## Aim of the exercise
In the records below, take the line containing "18 августа 2018." and reproduce it and every subsequent line exactly, adding nothing.

## The data
___

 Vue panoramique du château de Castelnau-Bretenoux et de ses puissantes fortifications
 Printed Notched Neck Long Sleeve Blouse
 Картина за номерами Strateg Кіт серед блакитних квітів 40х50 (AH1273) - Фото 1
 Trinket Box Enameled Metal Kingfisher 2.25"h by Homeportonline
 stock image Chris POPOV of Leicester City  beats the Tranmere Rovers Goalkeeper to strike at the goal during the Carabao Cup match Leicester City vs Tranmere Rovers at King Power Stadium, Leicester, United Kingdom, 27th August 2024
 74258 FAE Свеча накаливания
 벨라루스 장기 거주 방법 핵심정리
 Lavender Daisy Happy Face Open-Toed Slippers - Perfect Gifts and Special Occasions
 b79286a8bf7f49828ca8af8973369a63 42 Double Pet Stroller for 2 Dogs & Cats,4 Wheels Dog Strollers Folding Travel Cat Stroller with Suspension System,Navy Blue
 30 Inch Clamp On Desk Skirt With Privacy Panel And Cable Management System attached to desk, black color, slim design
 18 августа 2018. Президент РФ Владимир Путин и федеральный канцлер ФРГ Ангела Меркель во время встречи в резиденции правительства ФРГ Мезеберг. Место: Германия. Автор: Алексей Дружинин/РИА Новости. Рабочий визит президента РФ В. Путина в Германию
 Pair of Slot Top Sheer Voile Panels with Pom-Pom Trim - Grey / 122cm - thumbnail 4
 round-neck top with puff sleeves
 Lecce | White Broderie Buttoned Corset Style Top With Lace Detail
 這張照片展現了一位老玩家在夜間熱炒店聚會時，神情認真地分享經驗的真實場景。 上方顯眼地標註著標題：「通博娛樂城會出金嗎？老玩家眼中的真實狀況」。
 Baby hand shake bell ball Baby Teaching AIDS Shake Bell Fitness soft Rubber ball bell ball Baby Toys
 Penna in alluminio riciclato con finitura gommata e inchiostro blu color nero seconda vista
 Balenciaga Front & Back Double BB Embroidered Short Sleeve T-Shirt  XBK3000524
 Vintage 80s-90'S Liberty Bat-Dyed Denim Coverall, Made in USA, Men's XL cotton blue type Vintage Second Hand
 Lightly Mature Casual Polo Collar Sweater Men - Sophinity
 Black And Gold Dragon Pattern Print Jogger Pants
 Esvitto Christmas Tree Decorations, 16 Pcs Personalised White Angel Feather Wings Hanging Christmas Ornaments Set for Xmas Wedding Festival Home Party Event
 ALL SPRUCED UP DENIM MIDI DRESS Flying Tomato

___

## Completed task
 18 августа 2018. Президент РФ Владимир Путин и федеральный канцлер ФРГ Ангела Меркель во время встречи в резиденции правительства ФРГ Мезеберг. Место: Германия. Автор: Алексей Дружинин/РИА Новости. Рабочий визит президента РФ В. Путина в Германию
 Pair of Slot Top Sheer Voile Panels with Pom-Pom Trim - Grey / 122cm - thumbnail 4
 round-neck top with puff sleeves
 Lecce | White Broderie Buttoned Corset Style Top With Lace Detail
 這張照片展現了一位老玩家在夜間熱炒店聚會時，神情認真地分享經驗的真實場景。 上方顯眼地標註著標題：「通博娛樂城會出金嗎？老玩家眼中的真實狀況」。
 Baby hand shake bell ball Baby Teaching AIDS Shake Bell Fitness soft Rubber ball bell ball Baby Toys
 Penna in alluminio riciclato con finitura gommata e inchiostro blu color nero seconda vista
 Balenciaga Front & Back Double BB Embroidered Short Sleeve T-Shirt  XBK3000524
 Vintage 80s-90'S Liberty Bat-Dyed Denim Coverall, Made in USA, Men's XL cotton blue type Vintage Second Hand
 Lightly Mature Casual Polo Collar Sweater Men - Sophinity
 Black And Gold Dragon Pattern Print Jogger Pants
 Esvitto Christmas Tree Decorations, 16 Pcs Personalised White Angel Feather Wings Hanging Christmas Ornaments Set for Xmas Wedding Festival Home Party Event
 ALL SPRUCED UP DENIM MIDI DRESS Flying Tomato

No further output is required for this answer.